Она тут же преподнесла свой дьявольский подарок пожилым, доверчивым людям, которые мечтали о простом человеческом счастье — обеспеченной старости, стабильности и сытной еде.
Яичко подразнило стариков сверкающей скорлупой, обещая осуществление всех желаний. «Разбей меня! — говорил слепящий металл. — Получи от жизни все!» И дед, не устояв перед соблазном, взялся за дело. Он бил. Бил. Бил. Бил. Бил!.. Он стучал по монолитной поверхности, лупил до умопомешательства, до мозолей и стершейся кожи на пальцах, молотил, тщась извлечь таящиеся внутри вожделенные сокровища. Он хотел немногого по меркам акульих аппетитов современности, но не получил даже жалких крох. Ничего… кроме стресса, досады, разочарования. Разбилось не яичко, а его стариковская жизнь.
Неудача деда не остановила бабу, она выхватила у мужа молоток, вымещая на блестящей, коварной капсуле всю боль и неудовлетворённость прожитой жизни.
— Разбейся! — кричала она. — Дай мне хоть что-нибудь! Я работала всю жизнь! Я испытывала нужду! Считала копейки! Вырастила детей и воспитала внуков! Терпела пьянство и тунеядство деда! Я заслужила! Заслужила! Заслужила!..
Молоток выпал из ослабевших рук. Баба устало опустилась на стул.
В углу безумно смеялась Ряба, хрипя, шипя и подкудахтывая.
Мышонок видел, что старики обречены. Жаждать, пытаться, бить и разочаровываться. Снова и снова. Снова и снова. Не зная, что внутри — только пустота… Манящий металл скорлупы будет мучать их всю оставшуюся жизнь.
Мышонок должен был остановить эту пытку.
Разбег. Рывок. Прыжок. Размах хвоста. Толчок, и золотое округлое зло покатилось, упало с края стола, и… разбилось. Да, яичко выдерживало удары, нанесенные пусть и старой, но еще сильной рукой деда, не поддалось молотку, а падение раскололо его, словно какого-то незадачливого Шалтая-Болтая.
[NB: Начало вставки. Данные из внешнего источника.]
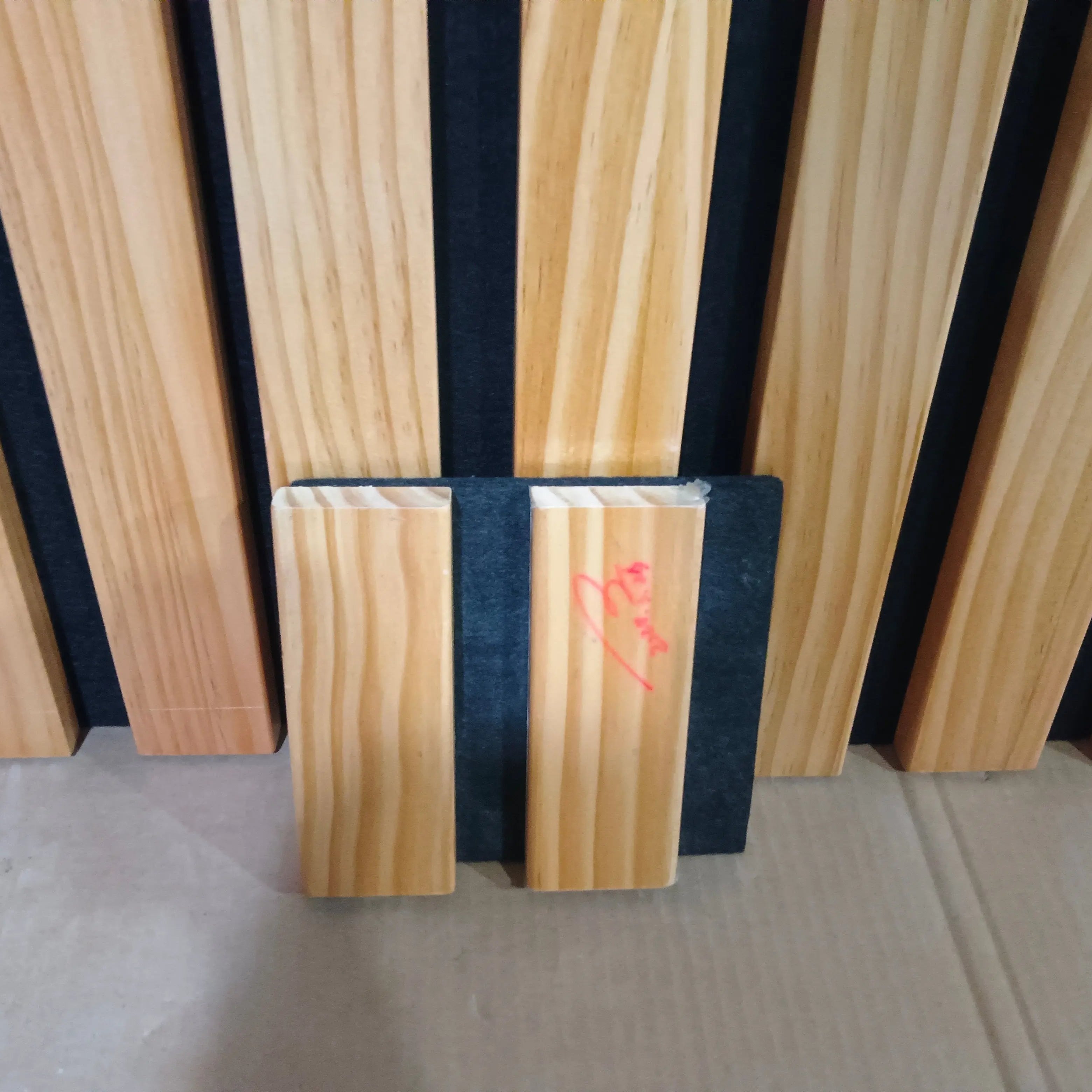 Broad Strip Wood Panels Full Sample Box (4 colors)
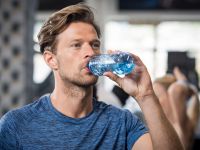 Οι κρυφοί κίνδυνοι από το εμφιαλωμένο νερό: Τι προειδοποιούν επιστήμη και ειδικοί δημόσιας Υγείας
Дед и баба спасены. Пусть они и не осознали этого. Даже встретив свой конец, яичко все еще продолжало огорчать стариков. Но то были слезы очищения. Их горе — настолько неподдельное, искреннее, всепоглощающее, что тронуло даже куриную слепоту Рябы, пробило скорлупу ее пестрого безумия.
— Не плачь, дед. Не плачь, баба… — с трудом выговаривал ее привыкший кривиться в издевательской ухмылке клюв. — Я снесу вам другое яичко, не золотое, а простое.
Мышонок смотрел на них, и ему хотелось верить, что мир спасен, а злодейка раскаялась. Но расслаблять еще рано — герой не знает отдыха, нужно снова спешить на помощь, вытаскивать из очередной беды репку.